Estimating Dynamic Treatment Effects in Event Studies with Heterogeneous Treatment Effects

The paper under consideration presents a methodological critique and an alternative approach to estimating dynamic treatment effects in econometric event studies. In the context of staggered treatment adoption, where treatment timing varies across units, the authors argue that conventional two-way fixed effects (TWFE) regressions with leads and lags can produce biased estimates if treatment effects are heterogeneous across groups. This is particularly relevant in the estimation of dynamic treatment effects, which are often of interest in empirical research to understand the temporal impact of an intervention.

Key Findings and Contributions

The authors identify a critical issue arising from the contamination of TWFE estimates in the presence of treatment effects heterogeneity. Specifically, they show that the coefficient on a given time relative to treatment can inadvertently capture effects from other periods due to the underlying cohort-specific heterogeneity. This complicates the causal interpretation of regression coefficients on dynamic indicators, especially when heterogeneity is not accounted for in the estimation process.

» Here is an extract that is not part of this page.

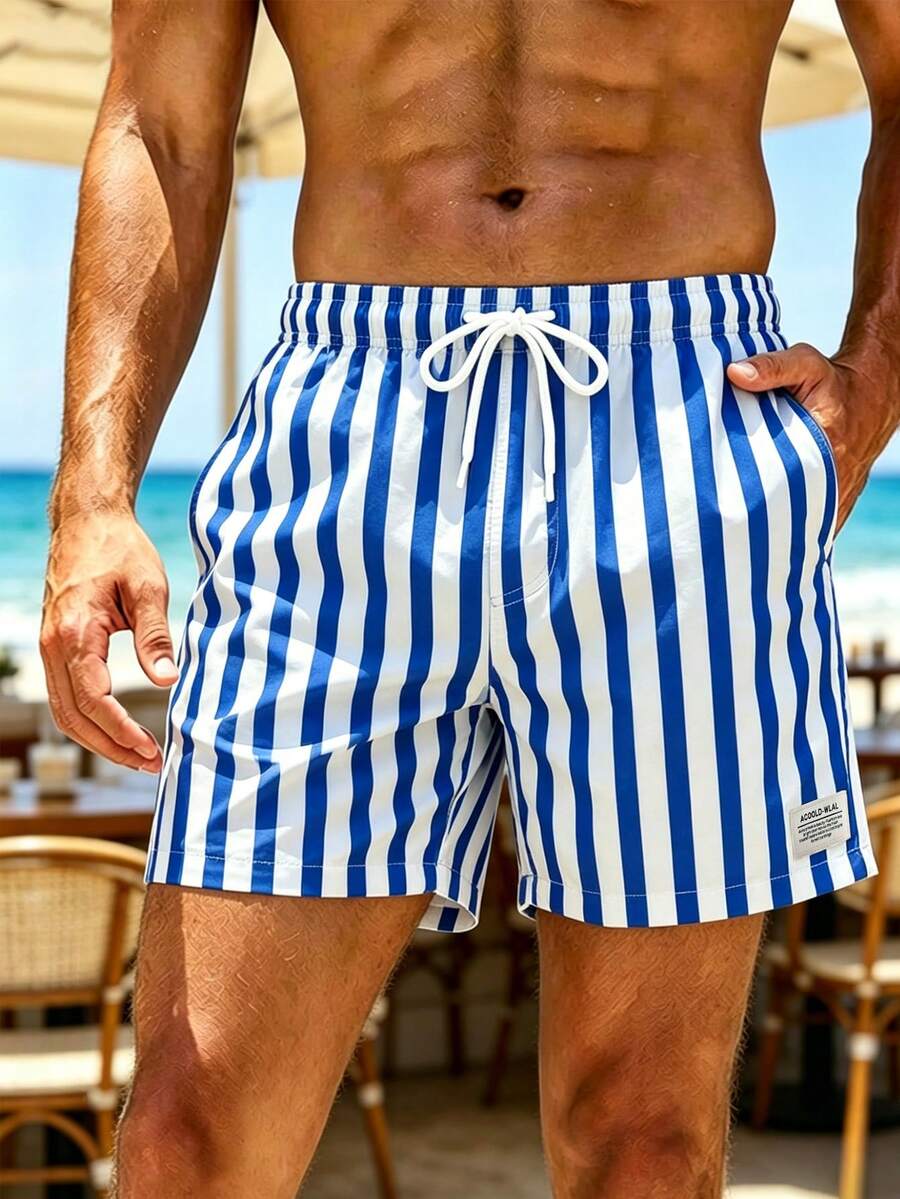 Muški šorts za plažu sa ombre efektom, perticom za struk i džepovima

To address the limitations of TWFE regressions under heterogeneity, the authors propose an alternative estimator that constructs weights based on cohort shares of units exposed to the treatment. This method avoids the contamination problem by ensuring that each coefficient on a relative time indicator consistently reflects the treatment effect for that period relative to a baseline. The estimator leverages a decomposition strategy that provides a clear representation of the weights applied to cohort-specific treatment effects in TWFE regressions, thereby informing researchers about the potential biases inherent in conventional approaches.

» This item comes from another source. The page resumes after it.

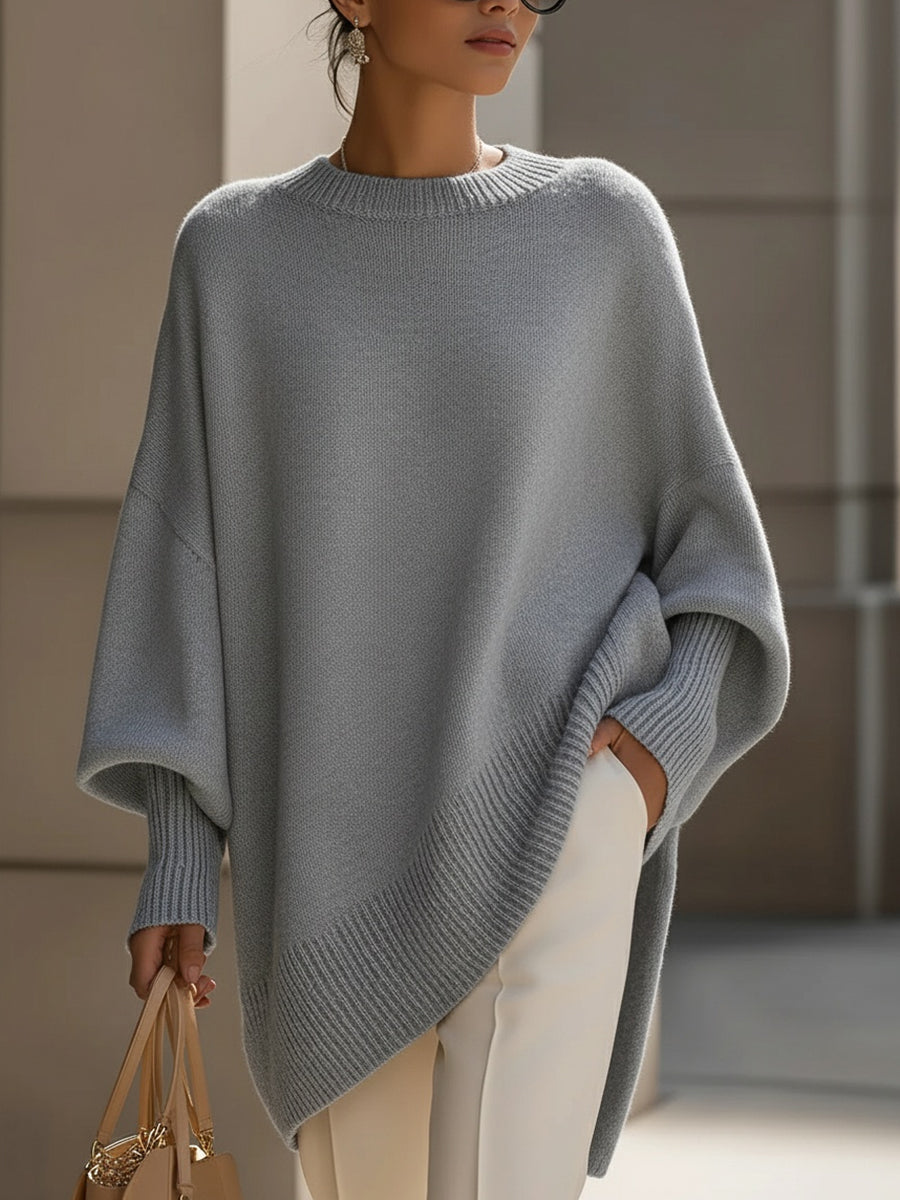 Women's Oversized Knit Sweater Batwing Sleeve Crew Neck Asymmetric Hem Casual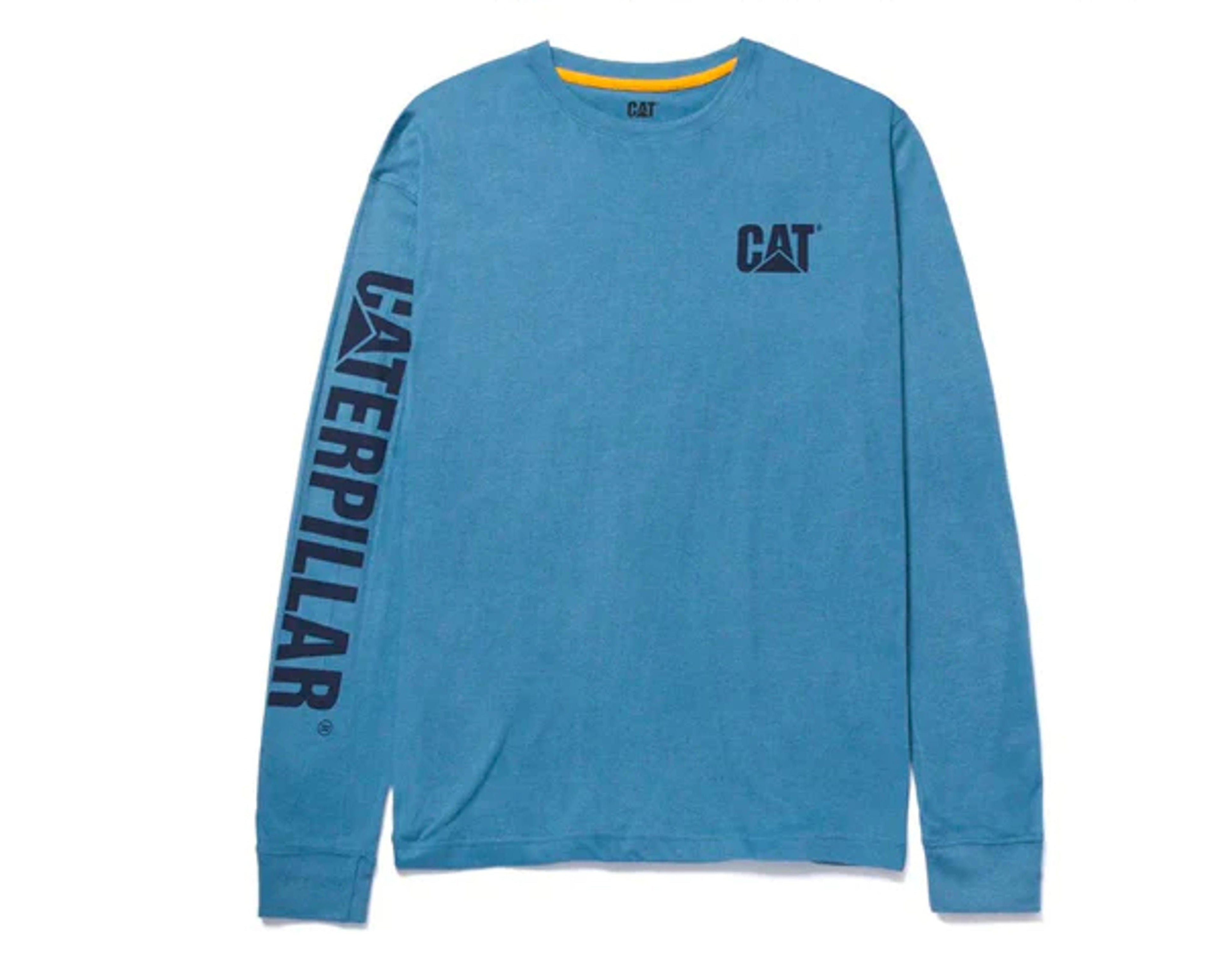 Caterpillar Mens Blue Trademark Banner Long Sleeve Tee-1510034-13084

Numerical Results and Empirical Illustrations

The authors illustrate the pitfalls of TWFE estimators and the advantages of their proposed method through an empirical application using data on the economic consequences of hospitalization. By focusing on outcomes such as out-of-pocket medical expenditure and labor earnings, they demonstrate that conventional TWFE estimates can deviate significantly from the true weighted average effect due to contamination by lagged or lead effects. Their interaction-weighted estimator, in contrast, provides estimates that are more interpretable as they are convex averages of the underlying cohort-specific effects.

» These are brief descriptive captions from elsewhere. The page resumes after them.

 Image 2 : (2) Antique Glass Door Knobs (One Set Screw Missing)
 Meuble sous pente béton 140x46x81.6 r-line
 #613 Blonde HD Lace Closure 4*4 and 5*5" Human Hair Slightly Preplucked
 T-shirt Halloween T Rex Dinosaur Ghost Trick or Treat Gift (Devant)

Implications and Future Directions

The practical implications of this research are substantial for empirical economists and other researchers relying on TWFE models to estimate dynamic treatment effects. The findings highlight the necessity for greater scrutiny in interpreting dynamic TWFE estimates, particularly when heterogeneity in treatment effects across cohorts is likely.

Theoretically, this paper contributes to an ongoing dialogue in econometrics concerning the limitations of standard regression techniques under complex treatment assignments. By developing an alternative estimator that mitigates biases associated with heterogeneous treatment effects, the authors pave the way for more robust and reliable estimation techniques.

Looking forward, this work suggests several avenues for further research. One potential direction could involve extending the proposed methodology to account for additional complexities such as simultaneous exogeneity or the incorporation of instrumental variables within the event paper framework. Additionally, the development and dissemination of software packages, as noted by the authors, would facilitate broader adoption and ease of application in empirical studies.

Conclusion

In summary, this paper presents a rigorous critique of TWFE models for dynamic treatment effect estimation and proposes a robust alternative that enhances the reliability of causal inference in event studies. By acknowledging and addressing treatment effects heterogeneity, the authors offer valuable insights and tools that can significantly improve empirical practices across disciplines reliant on econometric evaluation of policy interventions.